I have had the great privilege of being on the Constitution Committee for the past four years, and this issue kept recurring. It is not a dispute or debate that has suddenly emerged; it came in Bill after Bill connected with constitutional relationships and with trade, yet somehow it was not resolved, mainly because the devolved Assemblies were being bypassed, often in a very hurtful way, leading to accusations of power grab and such statements.
The issues that have been mentioned include: reserved powers for the Welsh, Scottish and Northern Irish Governments, an issue that has come several times and has not yet been dealt with properly; and the outcome of European legislation when it is transferred to this country, which has not been adequately dealt with either. We discussed this frequently on the Constitution Committee and wrote what I thought was a very important survey of intergovernmental relations. It seemed to have very little effect on ministerial thinking, or indeed on thinking about the nature and importance of devolution throughout our country.
In particular, there is the inadequacy of the Joint Ministerial Council, which is mentioned in Amendment 29. The JMC is an almost hopeless body that has staggered on for two decades with no clear membership, no clear times for convening, and very little effect in real intergovernmental consultation, so I very much hope, as everybody does, that the Government will feel able to accept these proposals. Otherwise, the effect could be disastrous. Our union is in grave danger. People refer primarily to Scotland, but in my experience discontent in Wales is certainly much stronger than it was.
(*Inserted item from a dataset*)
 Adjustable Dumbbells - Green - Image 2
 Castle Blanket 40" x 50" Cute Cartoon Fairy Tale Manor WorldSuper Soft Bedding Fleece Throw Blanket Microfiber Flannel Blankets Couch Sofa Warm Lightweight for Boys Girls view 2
It would be tragic if inattention and carelessness led to our leaving not one important union, but two.
My Lords, following not just yesterday’s speeches, but those today from the noble and learned Lord, Lord Thomas, my noble friends Lord Howarth, Lord Griffiths, Lord Murphy and Lord Morgan, the noble Baronesses, Lady Finlay and Lady Randerson, and the noble Lord, Lord Wigley, from Wales, as well as welcome additions to our West Country debate from the noble and learned Lord, Lord Wallace, and the noble Lord, Lord Kerr, the Government should have heard by now that the devolved authorities and people close to them feel somewhat squeezed out of the Government’s handling of our withdrawal from the EU and our future relationship with it, and of how the Government plan to discuss, or not, with those representatives as we go forward. That was probably not helped by the response of the noble Lord, Lord Duncan, last night.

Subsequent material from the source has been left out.